As I got carried away with the excitement of the start line, any race plan I may have had went out the window. I went out too fast, and I know I did. These things happen. So my strategy changed and my plan was to run to tower bridge and then do a walk/jog for the next half.
I felt incredible during the first half. So happy, so excited. But as my energy started to fade around 24km that soon turned into anxiety and panic. It's quite hard to calm yourself down with a crowd quite like the London one. Everyone wants you to do well and the noise is electric, but when you hit a wall, feel pretty nauseous and can feel your anxiety kicking in it can be extremely overwhelming. Luckily, I had experienced a similar feeling during one of my training races and worked out that listening to a podcast helped me calm down so for the next 5miles, I tried to zone out a little bit and focus on my breathing and refuelling. As well as that, a perfectly timed call from my Sister who lives in Seoul and a surprise hug from my best friend Hannah helped me get back on track.
The last 2 miles were all smiles especially when my daughter was there cheering on me at 800m to go. The emotions were all over the place and then to see 2 of my best friends (Lauren & Shiva) in the stalls at the finish line was just the cherry on top!
I went through every emotion possible that day. The marathon broke me and then rebuilt me so I came out stronger. I'm forever thankful that I got to experience it!

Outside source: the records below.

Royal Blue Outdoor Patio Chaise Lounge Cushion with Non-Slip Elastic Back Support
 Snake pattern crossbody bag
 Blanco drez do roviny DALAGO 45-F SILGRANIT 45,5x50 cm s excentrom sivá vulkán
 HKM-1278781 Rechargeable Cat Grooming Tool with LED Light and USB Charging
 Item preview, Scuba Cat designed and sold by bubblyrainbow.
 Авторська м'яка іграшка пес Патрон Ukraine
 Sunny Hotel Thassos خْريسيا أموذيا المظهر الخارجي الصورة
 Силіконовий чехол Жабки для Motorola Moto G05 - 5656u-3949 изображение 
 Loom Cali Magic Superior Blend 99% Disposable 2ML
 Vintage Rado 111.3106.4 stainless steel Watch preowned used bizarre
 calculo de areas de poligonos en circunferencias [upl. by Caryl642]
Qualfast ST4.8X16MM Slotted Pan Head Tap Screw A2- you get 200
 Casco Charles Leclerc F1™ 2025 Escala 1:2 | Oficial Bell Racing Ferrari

How did you feel when you crossed the finish line?
I couldn't believe it! I was in shock and then I cried and then I laughed. And then I desperately wanted to find my family and get my trainers off! Boy it's a long walk from the finish line to the meeting area! Also, a can of Coke has never tasted so good! I recommend packing one in your kit bag.
It definitely took me a little while to feel stable enough to get the tube back to the hotel. I was very lightheaded but i had just ran 26.2 miles so I guess that's to be expected!
What did you do to celebrate after the race?
My friends, family and I headed to a pub near my hotel for lots of food and a few drinks. It was the perfect end to a perfect day!
Would you run another marathon?
Hmmmm. I'm undecided. I think if I did, it would need to be when Violet was old enough to feed and entertain herself. and I don't mean during the actual event, I mean mainly to allow me to train to my fullest.
I think it's safe to say, I'm a long distance runner. I love a long run. Possibly because I'm a slower runner so i feel the pressure to do short distances fast where as I don't feel that pressure with longer distances like half's or marathons - most people are just impressed you ran that far! So saying that, yeah maybe I do have another marathon in me further down the line!
What advice would you give to someone who is considering running a marathon?
If you have the thought in your head...you're already committed. Once you even think it's a possibility that's a sign you're ready to take it on.
Training is the hardest part, so stick to it, trust your plan and on the day just go with the flow.
Thank you SO much Annie for sharing!